Put a whole new set of proper acoustic strings on and then check the truss rod before even thinking about frets .
The frets can be reseated if needed but check this first


----------



## Guest (Feb 10, 2013)

2N1305 said:


> I'd love to post pictures but I don't understand this http-only link thingy.


read this post on how to post pic's. as to the frets, I would just
push them back in (I'm not an expert, so maybe wait for someone
else to comment before you try my idea).


----------



## fraser (Feb 24, 2007)

> More importantly, how do I fix it properly? Do I just lift the fret out, give it a more curved bend and put it back in (with crazy glue)? I wouldn't dare replace it with a different fretwire unless I know exactly what wire they used.

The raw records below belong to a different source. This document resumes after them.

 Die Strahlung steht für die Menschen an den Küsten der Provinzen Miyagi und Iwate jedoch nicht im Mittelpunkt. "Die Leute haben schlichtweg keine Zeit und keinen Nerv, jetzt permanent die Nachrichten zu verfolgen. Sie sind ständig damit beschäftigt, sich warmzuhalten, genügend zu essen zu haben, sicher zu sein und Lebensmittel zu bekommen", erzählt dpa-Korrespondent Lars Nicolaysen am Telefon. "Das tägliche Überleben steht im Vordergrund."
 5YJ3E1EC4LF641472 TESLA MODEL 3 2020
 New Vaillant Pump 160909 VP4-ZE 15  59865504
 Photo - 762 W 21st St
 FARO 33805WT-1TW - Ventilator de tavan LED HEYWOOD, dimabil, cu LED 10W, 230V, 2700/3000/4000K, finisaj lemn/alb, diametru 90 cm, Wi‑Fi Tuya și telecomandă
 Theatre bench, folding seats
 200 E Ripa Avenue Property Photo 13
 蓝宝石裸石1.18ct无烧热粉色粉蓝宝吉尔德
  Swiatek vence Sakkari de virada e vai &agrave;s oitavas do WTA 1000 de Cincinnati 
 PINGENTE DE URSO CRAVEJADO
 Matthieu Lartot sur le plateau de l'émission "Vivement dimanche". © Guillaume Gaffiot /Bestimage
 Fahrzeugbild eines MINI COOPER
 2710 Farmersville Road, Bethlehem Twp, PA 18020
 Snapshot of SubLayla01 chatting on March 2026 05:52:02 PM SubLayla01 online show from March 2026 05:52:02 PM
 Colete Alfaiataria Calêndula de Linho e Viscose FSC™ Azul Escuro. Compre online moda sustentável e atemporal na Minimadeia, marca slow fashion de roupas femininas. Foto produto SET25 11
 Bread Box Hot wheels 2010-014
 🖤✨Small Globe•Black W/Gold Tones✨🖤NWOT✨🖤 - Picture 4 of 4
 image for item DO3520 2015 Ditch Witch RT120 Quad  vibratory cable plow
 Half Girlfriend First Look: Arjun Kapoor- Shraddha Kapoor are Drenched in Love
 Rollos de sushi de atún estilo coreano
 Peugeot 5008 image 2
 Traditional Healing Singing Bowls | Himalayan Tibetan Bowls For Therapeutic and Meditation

i have a 4 inch length of hardwood dowel,
1/2 inch round or thereabouts.

i push with the dowel to see if the fret moves up and down in the slot.
if it can be pushed into the right position, then you need to use glue.
if it doesnt go easily into position,
then a good tap with my fretting hammer will seat it, and it will generally stay put.

you can use a dowel or wood block or something,
against the fret,
crack that with any old hammer,
wont do any damage.

if the fret can be pushed down into position easily, 
then there isnt enough wood to hold it in place-
youll need to wick some crazy glue in underneath it,
then hold it into position while it sets.
or set up a method of clamping it.


----------



## 2N1305 (Nov 2, 2009)

laristotle said:


> read this post on how to post pic's. as to the frets, I would just
> push them back in (I'm not an expert, so maybe wait for someone
> else to comment before you try my idea).


Actually I did, and sure enough, it popped back up again and the buzz came back. I am going to follow Fraser's suggestion as I am quite familiar with pushing frets in, just not on acoustic guitars. On a solidbody, you needn't worry too much about the force you're applying to the neck if it's resting on a neck jig or neck support. But on an acoustic, I'm a bit more concerned about "cracking that with any old hammer", I think I might just use a fret caul and my 10 inch drill press.

Thank you for all the help!

OW


----------